La polémique provoquée par la tribune de Bernard Comment et Olivier Rolin publiée dans Le Monde du 12 février a offert une publicité paradoxale au troisième roman d’Eric Bénier-Bürckel, Pogrom, paru dans une relative indifférence le 3 janvier : les deux écrivains l’accusent de n’être qu’un « vomissement sans fin, où ne nous est épargné aucun cliché de l’esprit fasciste ». Ah bon ? Le Nouvel Obs du 17 février renchérit sous la plume de Laurent Joffrin, qui qualifie Pogrom de « livre antisémite ». Rien que ça. Au coeur du débat : une longue tirade antisémite prononcée par un personnage arabe que fréquente le narrateur, et dont Rolin et Comment estiment qu’elle reflète les opinions du romancier lui-même. Un raisonnement peu convaincant, dont l’argument le plus solide reste une dédicace ambiguë (le roman est dédié « aux Noirs et aux Arabes »). Si les pages mises en accusation ne sont effectivement pas du meilleur goût (nous le signalons dans l’article que nous consacrons au livre dans Chronic’art #18, actuellement en kiosque), elles doivent être replacées dans le plan d’ensemble d’un projet littéraire pas toujours abouti mais sacrément secouant : celui d’une littérature de l’excès qui « prend les tabous à bras-le-corps » et rôde autour de la figure du Mal sous les auspices de Sade, Nietzsche ou Céline, tout en moquant finalement sa propre démesure juvénile. A l’heure où la controverse semble retomber, voici donc la version intégrale de notre entretien avec l’auteur, paru en version courte dans Chronic’art #18. Des propos recueillis par mail fin décembre 2004, bien avant la polémique, mais où nous interrogions déjà l’auteur sur le jeu avec la ligne jaune auquel il se livre dans certains passages de son roman. Explications, donc.
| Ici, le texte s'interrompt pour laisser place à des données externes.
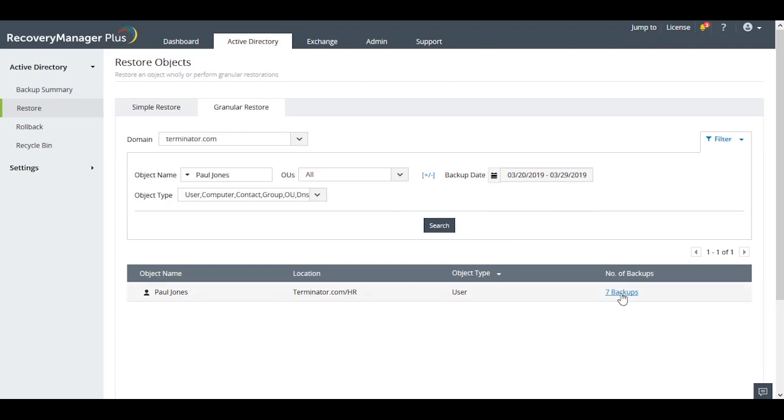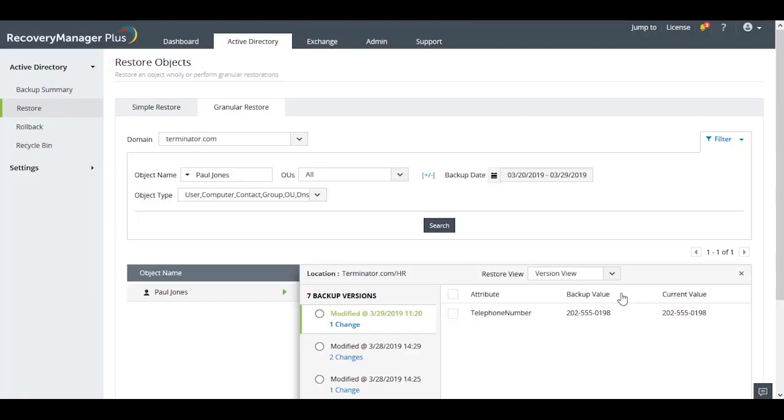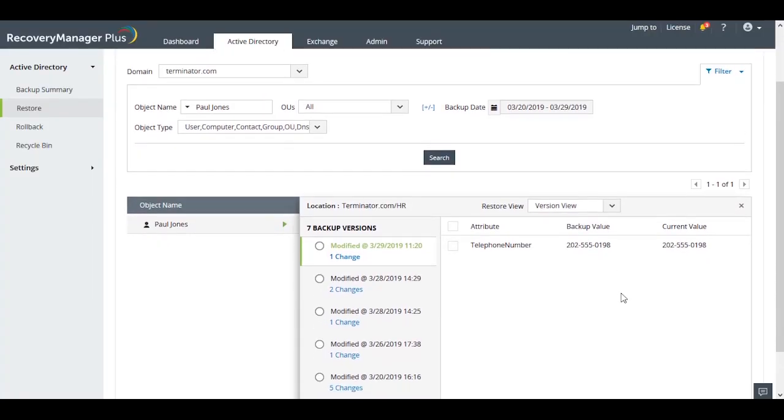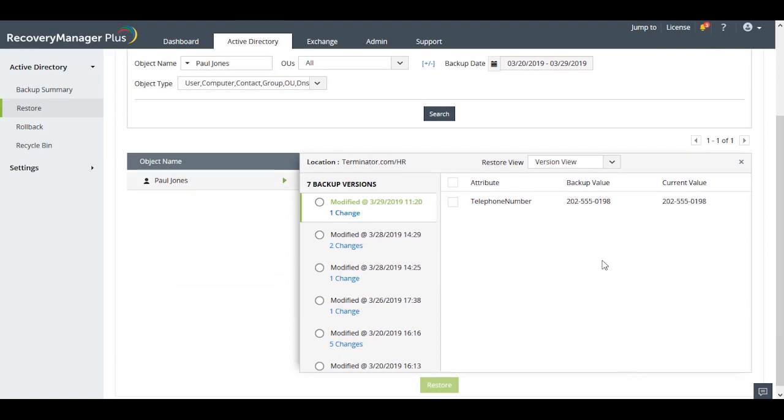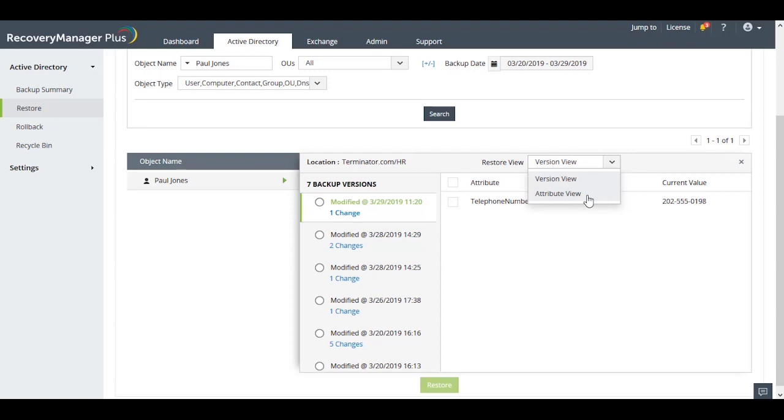In Granular Restore view, Recovery Manager Plus provides two different views in which you can compare attribute values, Version view and Attribute view.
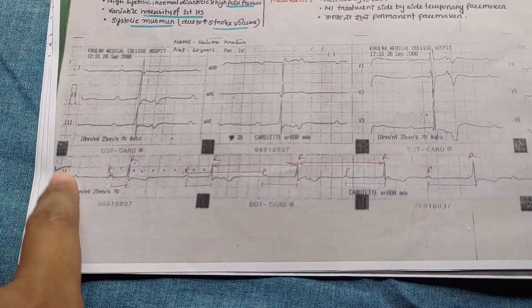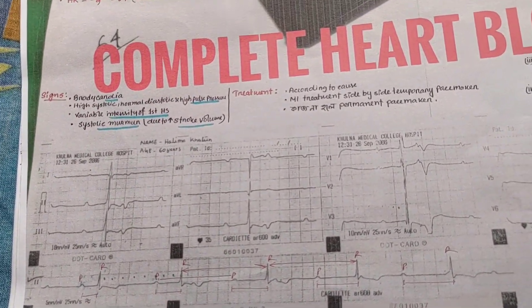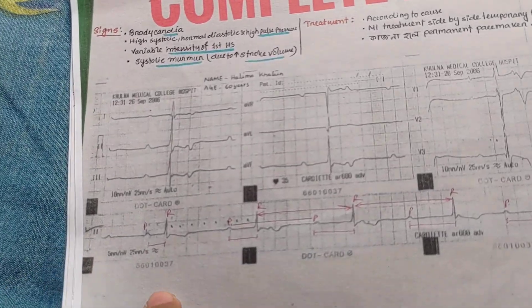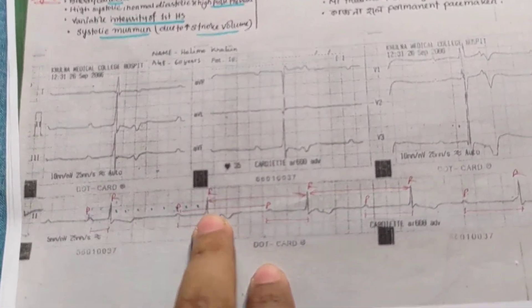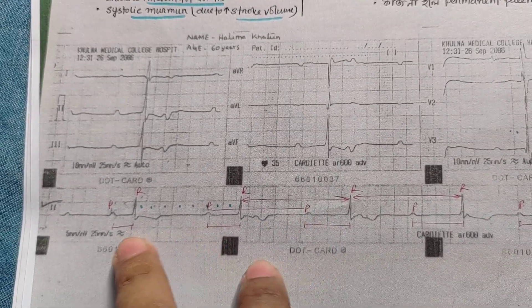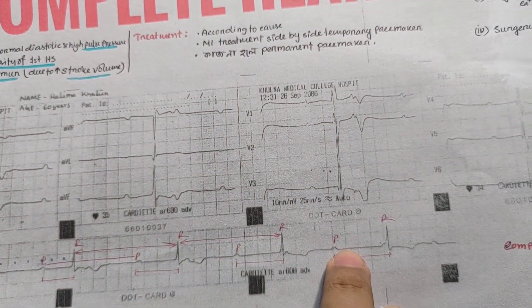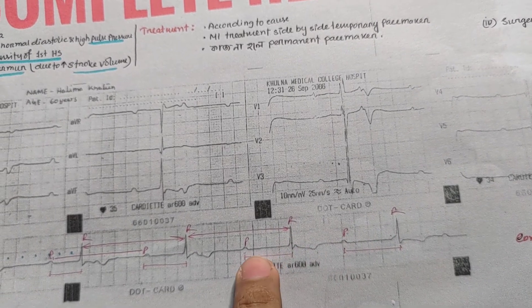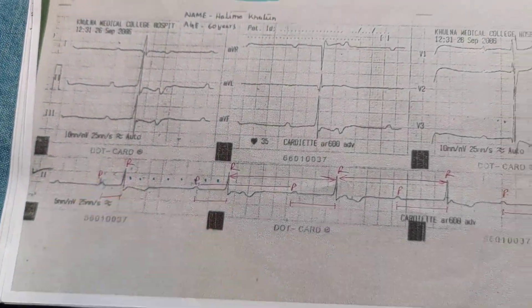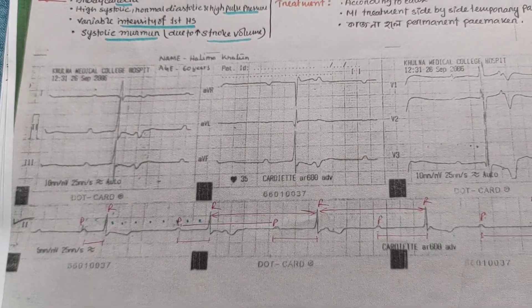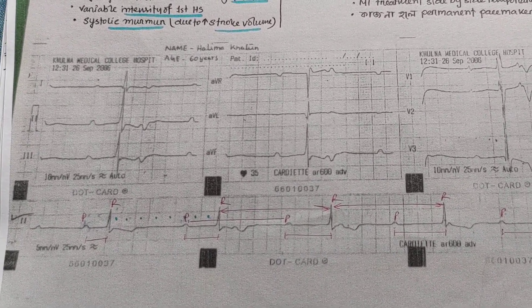Lead 2. This is abnormal. First of all, there is a variable PR interval.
Chronic’art : Pogrom semble agréger deux parties plus ou moins distinctes : la première romanesque, la seconde proche du pamphlet. Cette composition surprenante était-elle délibérée dès l’origine ou le texte l’a-t-il en quelque sorte imposé de lui-même au fur et à mesure de l’écriture ?
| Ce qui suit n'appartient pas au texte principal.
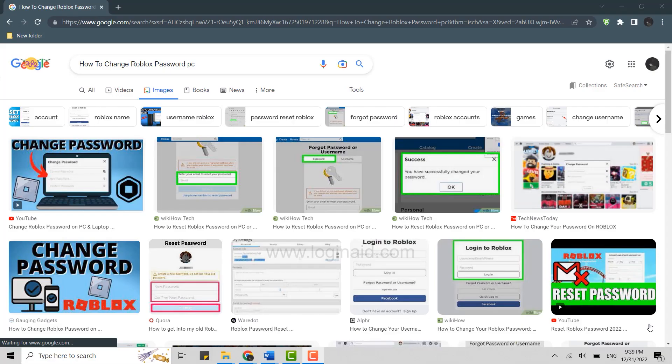Hello everyone, welcome back to the Login 8 channel. Today for this video I will be showing you how to change Roblox password in the PC. For that, first of all, open Roblox in your PC.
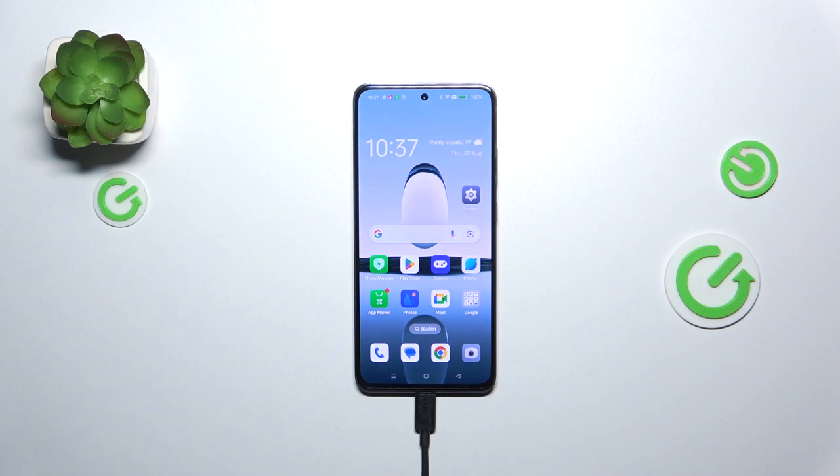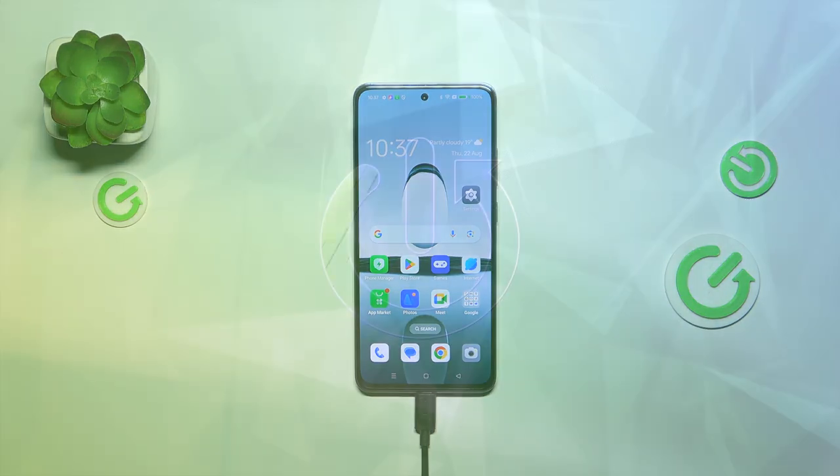Hi everyone! In front of me I've got Oppo A3 and let me share with you how to reset camera preferences on this device.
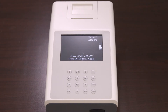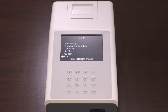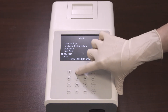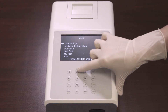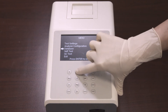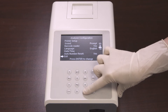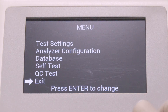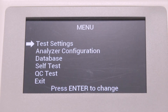Press menu from the initial screen to access the test settings, analyzer configuration, and QC test. Use the up and down arrows on the keyboard to move along the menu. Press enter to select an item on the menu. This is true for all menu screens. Start by selecting the test settings.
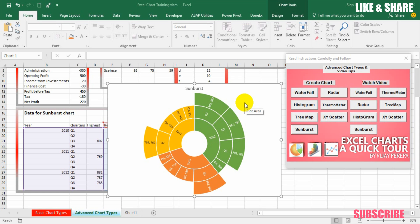Hello friends, in this video I am going to discuss sunburst chart or multi-layered pie chart or stacked pie chart and also I am showing you how to create this chart in Excel.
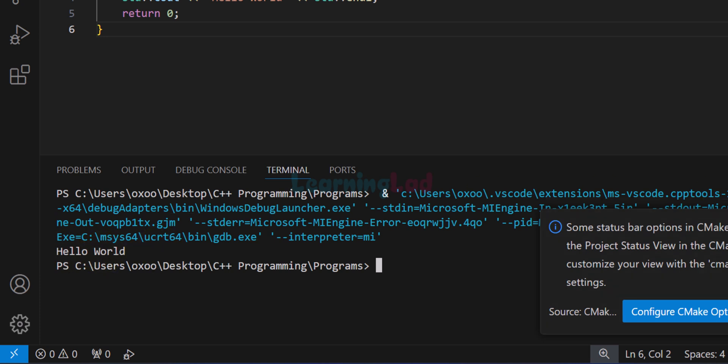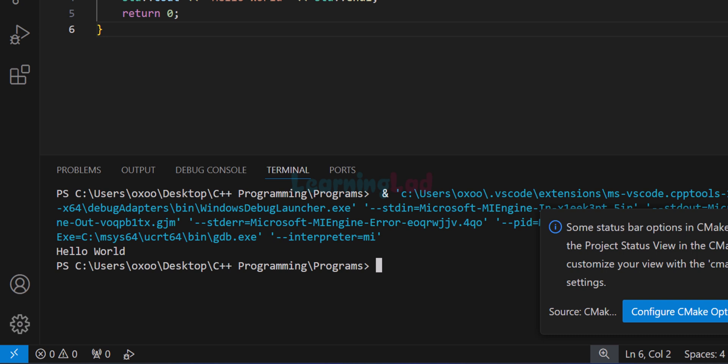This is how we can set up Visual Studio Code for executing C and C++ programs. That's it for this video — thank you for watching. If you like the video, hit the like button; if not, hit the dislike button. Write any comments in the comment box, and subscribe to the channel for more tutorials.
Eric Bénier-Bürckel : La première partie, comme vous dites, est un préambule à la seconde, mon personnage, à travers les aléas du couple et de la famille, fait le plein de haine, accumule les humiliations et les frustrations, il s’alourdit d’aigreur, et puis ça éclate et c’est la révélation de l’art, et là tout va vite, comme dans une guerre-éclair, il frappe, il détruit, il vomit sa bile, mais l’important c’est que ça se produise dans une espèce de grâce, la langue chante, danse ; la barbarie, aussi laide soit-elle, se libère en tutu et pointes, va jusqu’au bout d’elle-même, dans un ballet tonitruant, mon personnage est comme en transe de Dieu, on sort du rationnel, on entre dans le délire, et c’est ça pour moi l’essentiel en littérature, non que ça reste prisonnier du réel, mais que ça caracole dans une folie dionysiaque, que ça vibre de tous les nerfs, que ça s’emporte dans le tumulte du monde, que ça valse et tangue comme dans une tempête. Je n’ai pas voulu faire de pamphlet, mais comment empêcher l’écriture d’être une mise en accusation de l’anorexie émotionnelle et intellectuelle qui frappe l’époque, surtout si la question principale dans Pogrom est : qu’est-ce qu’écrire aujourd’hui ? Quel rôle l’écrivain a-t-il à jouer dans un monde devenu lisse et rose bonbon, et dont le mot d’ordre est : préférez la mesure à la démesure, ne débordez pas, aimez-vous les uns les autres, faites la paix, divertissez-vous et jouissez tranquille ? Moi, je préfère la guerre vivifiante à une paix de larves ! Être Djihad dans le verbe, tel est mon credo !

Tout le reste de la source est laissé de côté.